May 05, 2025 | In The News

Published in National Review by Congressman Michael Baumgartner (WA-5)

The Middle East helped shape my career long before I came to Congress. I studied there as a young man. Later, I served in Baghdad during the surge and embedded with an Afghan counter-narcotics team in Helmand. On my first trip abroad as a member of Congress this year, I returned to Iraq, Bahrain, Qatar, and the United Arab Emirates. Some things have changed. Some haven’t. One lesson is clearer than ever: American leadership can’t be built on one-off deals or delusions of grand bargains. It takes showing up, keeping promises, and leveraging our partnerships.

In Iraq, the surge worked — but only to fix earlier mistakes. Disbanding the Iraqi army and mismanaging the occupation taught us the hard way that strategic clarity matters. In Afghanistan, I saw how poverty, corruption, and geography made grand plans for nation-building impossible. Both wars showed what happens when strategy outpaces reality: Our credibility erodes, our alliances fray, and the American people lose patience.

We can’t afford to forget the lessons of the past 20 years.
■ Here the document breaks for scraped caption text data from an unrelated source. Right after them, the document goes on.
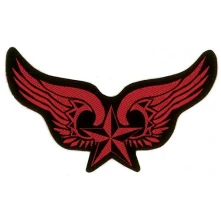 Winged Nautical Star thumbnail
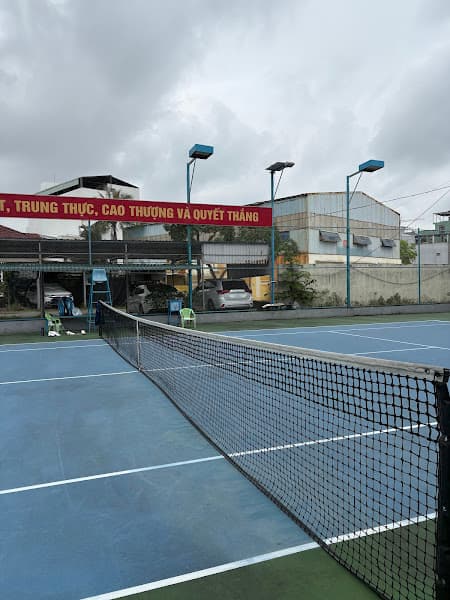 Hình ảnh Sân tennis 358 Nguyễn Tri Phương - 2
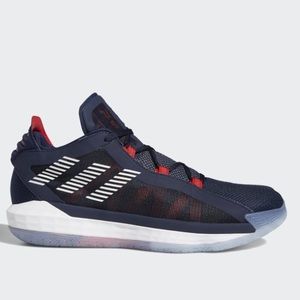 adidas Dame 6 Team USA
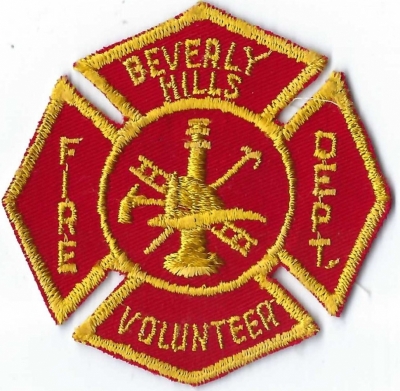 Beverly Hills Volunteer Fire Department (FL)
DEFUNCT - Merged w/Citrus County Fire Rescue.
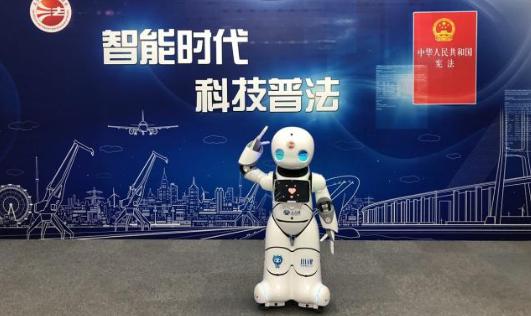 用人工智能賦能法律普及，他們想讓近千萬用戶學(xué)法、用法更簡(jiǎn)單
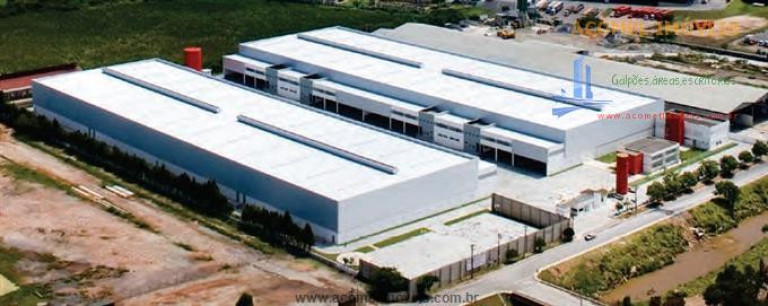 Imagem Imóvel Comercial para Alugar, 8.606 m² em Distrito Industrial - Jundiaí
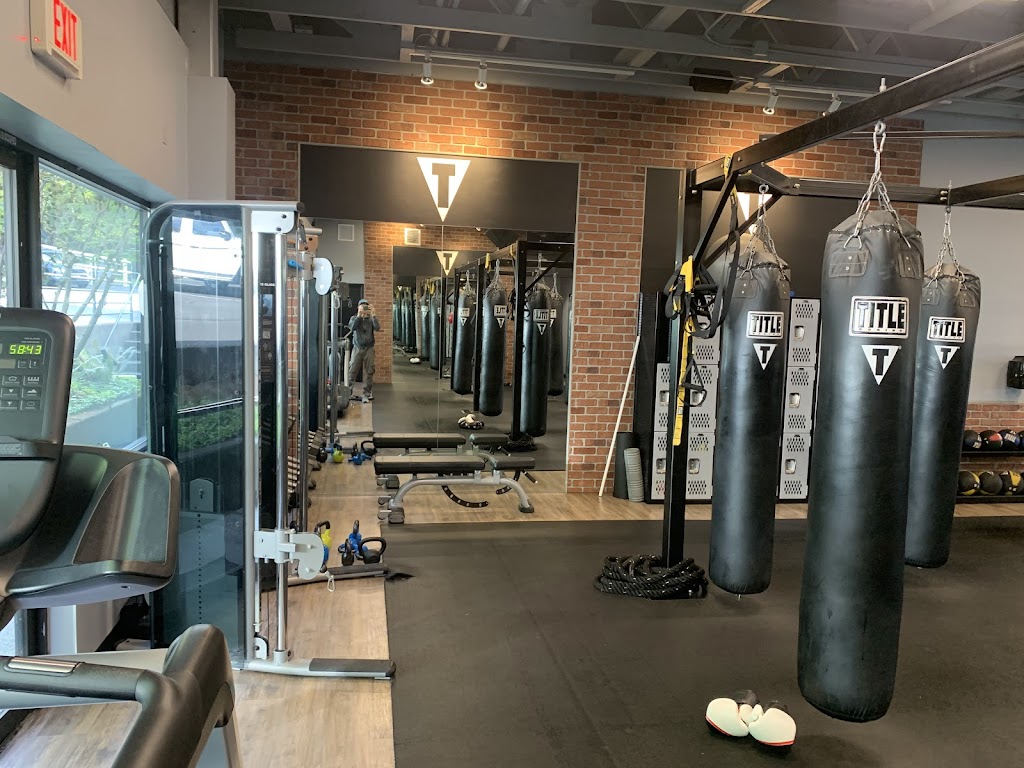  TITLE Boxing Club Portland Beaverton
The Iraq and Afghanistan lessons cost the lives of over 6,900 American service members and approximately $2 trillion in direct appropriations. The Middle East is still critical to our interests. China and Russia move in where we pull back. Iran’s proxies still target our ships and troops. ISIS and al-Qaeda wait for us to let down our guard. Meanwhile, Gulf states are growing economic powerhouses. If America steps away, others will fill the vacuum. Reliability in this region isn’t a slogan — it’s survival.

One place to start is fixing our Foreign Military Sales (FMS) system. As a member of the bipartisan FMS Task Force, I’ve seen partners like the UAE who pay up front wait years for critical equipment. It’s unacceptable. Modernizing FMS isn’t charity for allies — it’s about restoring American credibility as the security partner of choice.